• TASK STATEMENT
Pictures excluded, please transcribe exactly the lines from the one with "Figure 3 : Vue" through the end of the records below, and nothing more.

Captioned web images

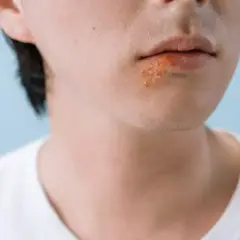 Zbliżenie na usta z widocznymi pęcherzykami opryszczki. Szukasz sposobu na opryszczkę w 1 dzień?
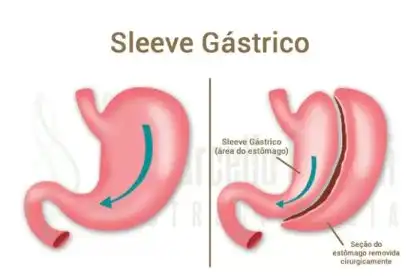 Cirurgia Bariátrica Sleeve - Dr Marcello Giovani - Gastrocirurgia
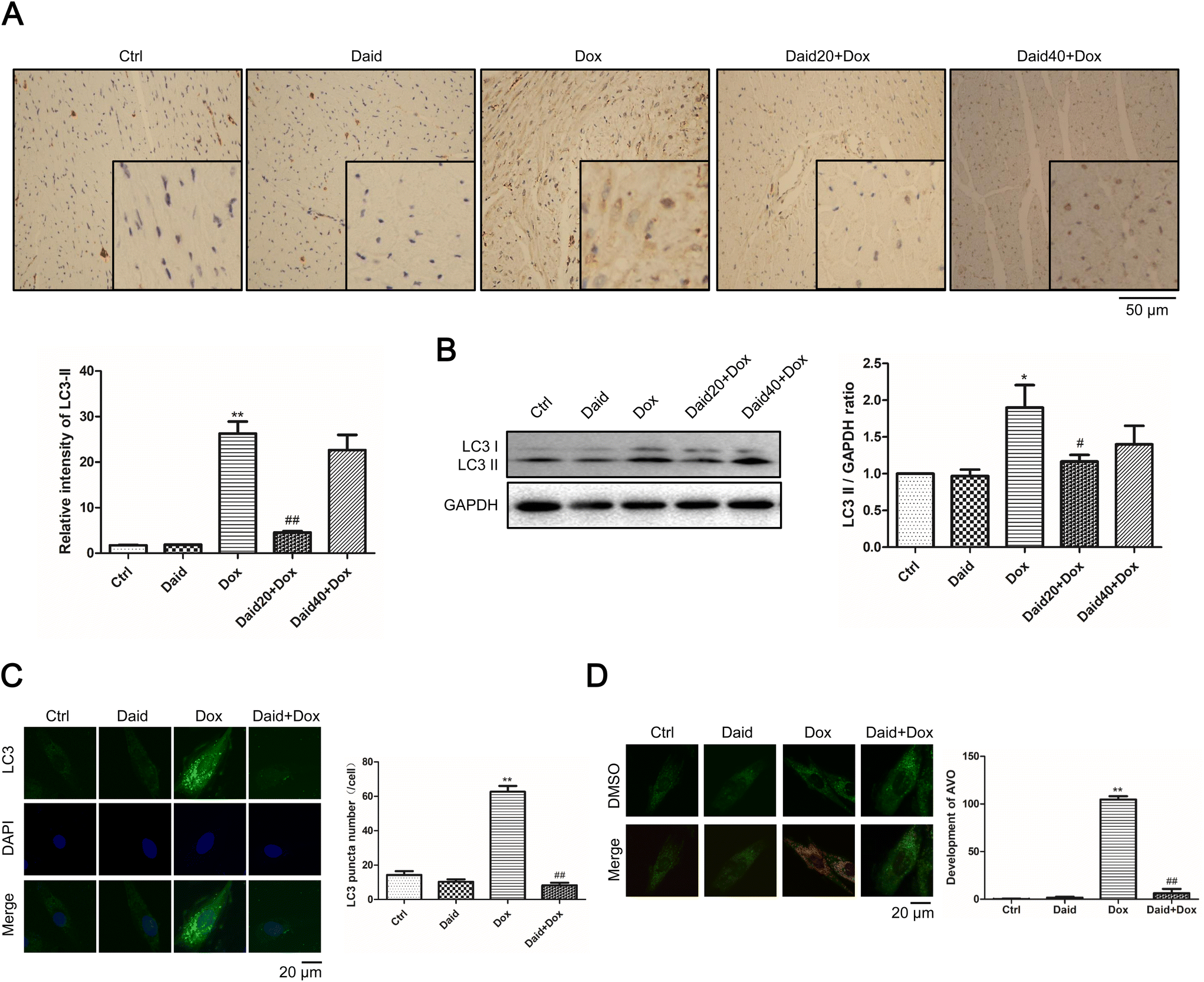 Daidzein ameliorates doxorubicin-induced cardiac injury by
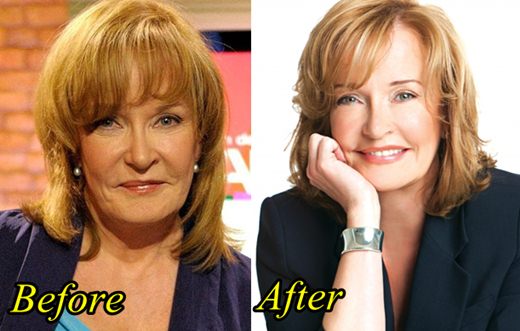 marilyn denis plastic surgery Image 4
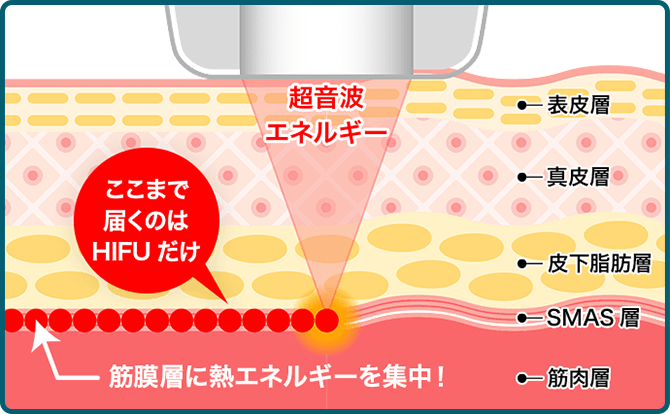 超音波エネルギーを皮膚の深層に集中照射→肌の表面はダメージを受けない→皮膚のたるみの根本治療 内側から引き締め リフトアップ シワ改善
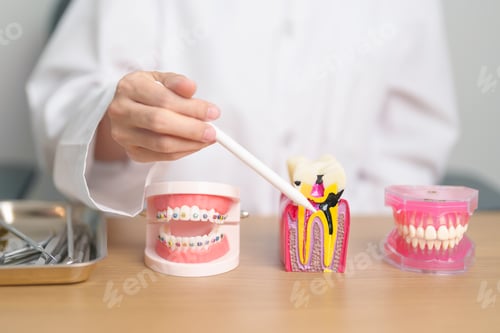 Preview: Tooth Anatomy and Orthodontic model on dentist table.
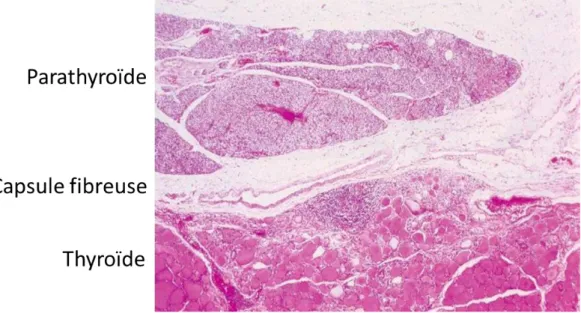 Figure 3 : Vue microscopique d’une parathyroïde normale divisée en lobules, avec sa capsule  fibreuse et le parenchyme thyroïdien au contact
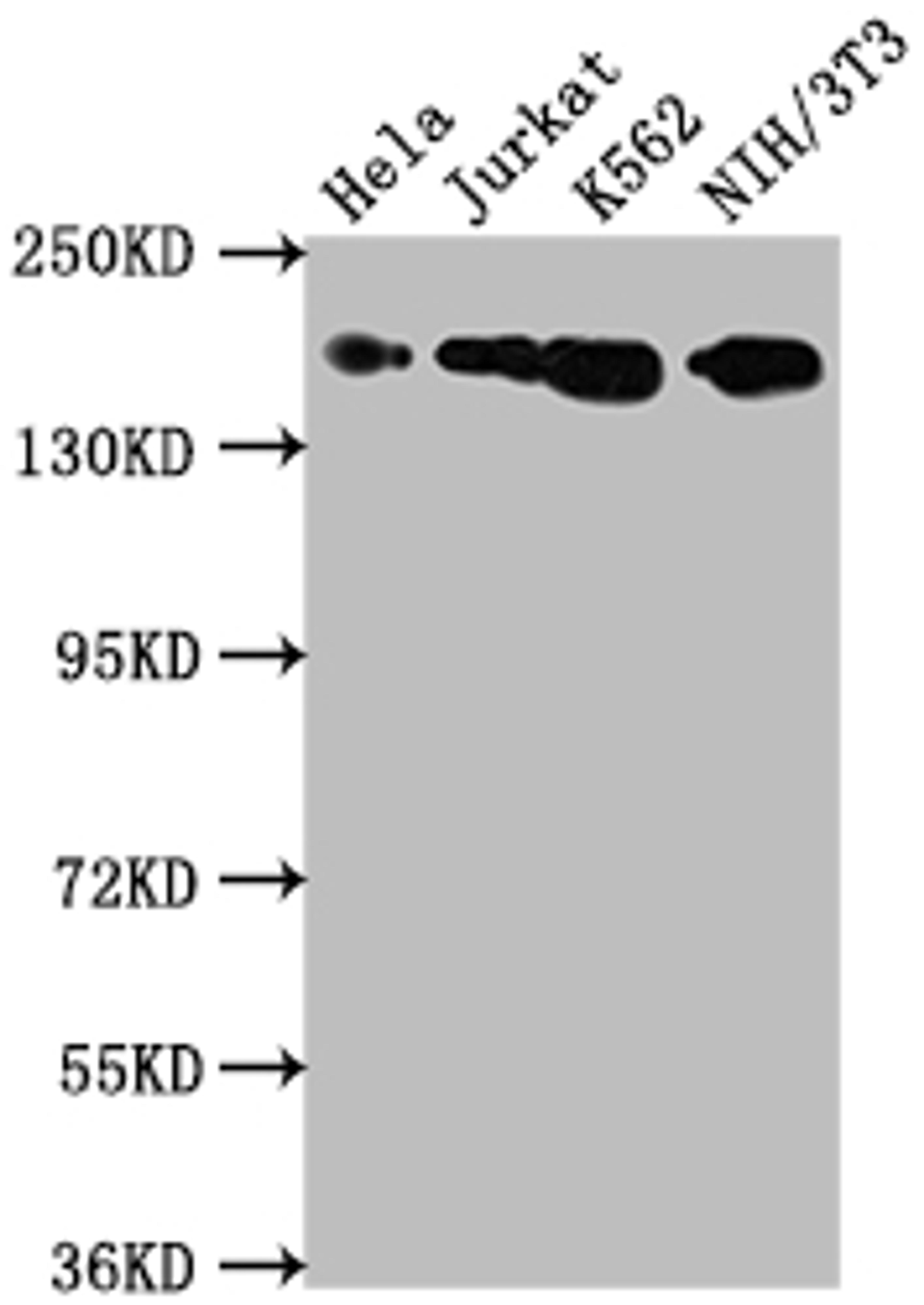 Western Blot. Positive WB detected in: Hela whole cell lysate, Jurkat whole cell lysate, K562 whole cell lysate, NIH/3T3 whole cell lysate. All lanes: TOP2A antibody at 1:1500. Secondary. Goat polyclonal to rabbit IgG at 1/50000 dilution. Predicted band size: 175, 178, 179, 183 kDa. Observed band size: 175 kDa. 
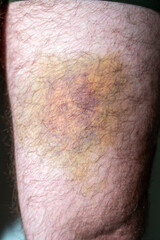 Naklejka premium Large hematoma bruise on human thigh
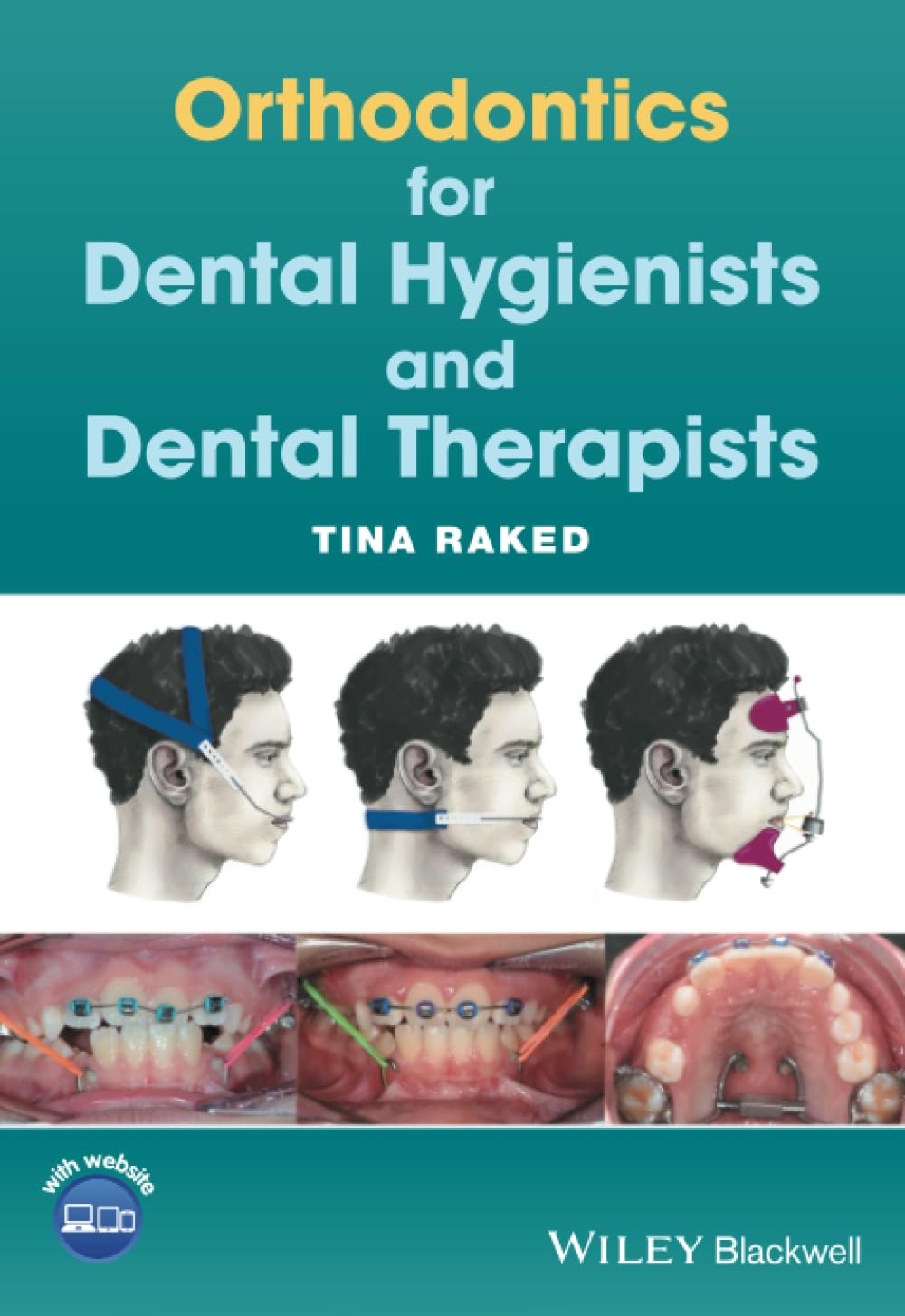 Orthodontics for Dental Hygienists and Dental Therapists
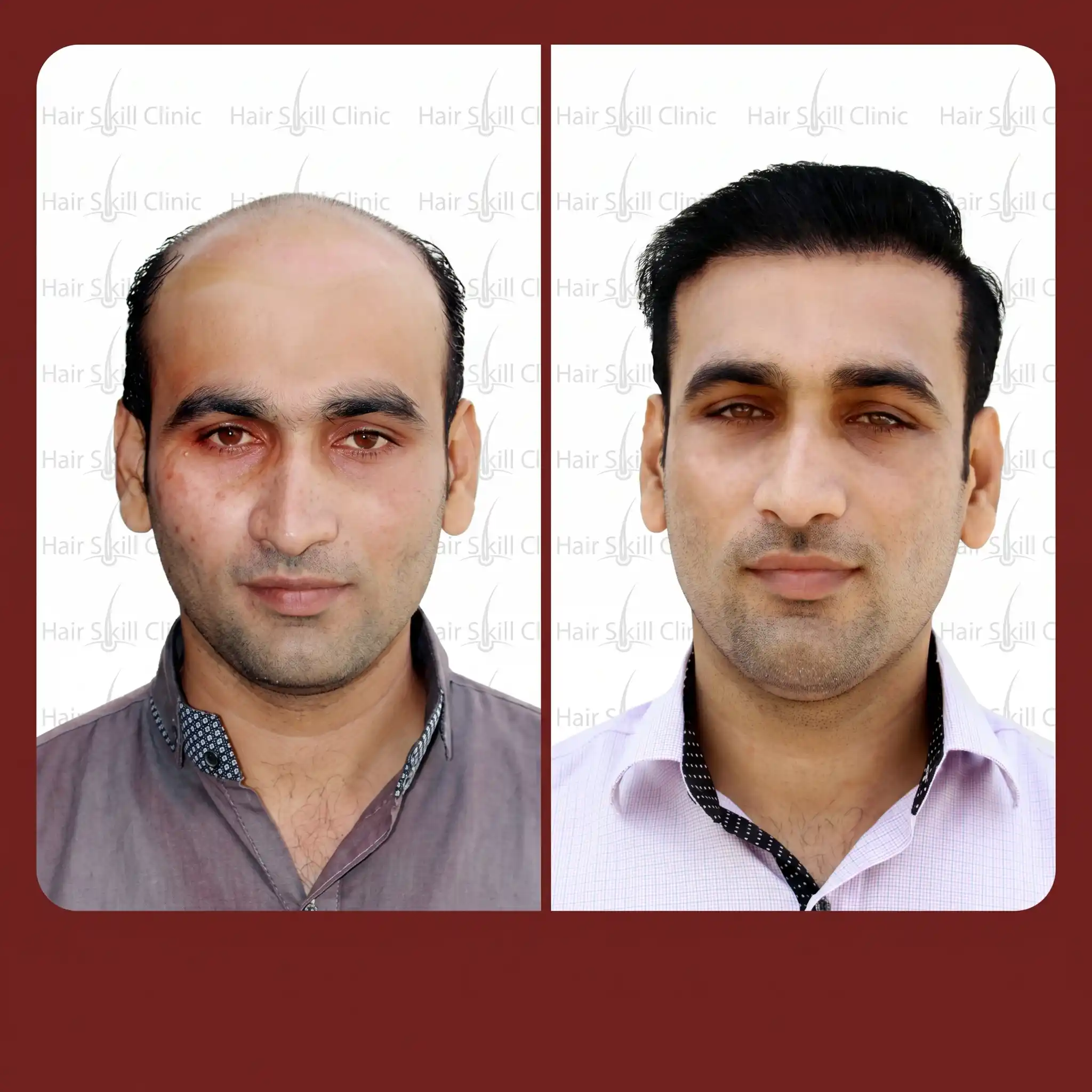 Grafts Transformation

• EXERCISE ANSWER
 Figure 3 : Vue microscopique d’une parathyroïde normale divisée en lobules, avec sa capsule  fibreuse et le parenchyme thyroïdien au contact
 Western Blot. Positive WB detected in: Hela whole cell lysate, Jurkat whole cell lysate, K562 whole cell lysate, NIH/3T3 whole cell lysate. All lanes: TOP2A antibody at 1:1500. Secondary. Goat polyclonal to rabbit IgG at 1/50000 dilution. Predicted band size: 175, 178, 179, 183 kDa. Observed band size: 175 kDa. 
 Naklejka premium Large hematoma bruise on human thigh
 Orthodontics for Dental Hygienists and Dental Therapists
 Grafts Transformation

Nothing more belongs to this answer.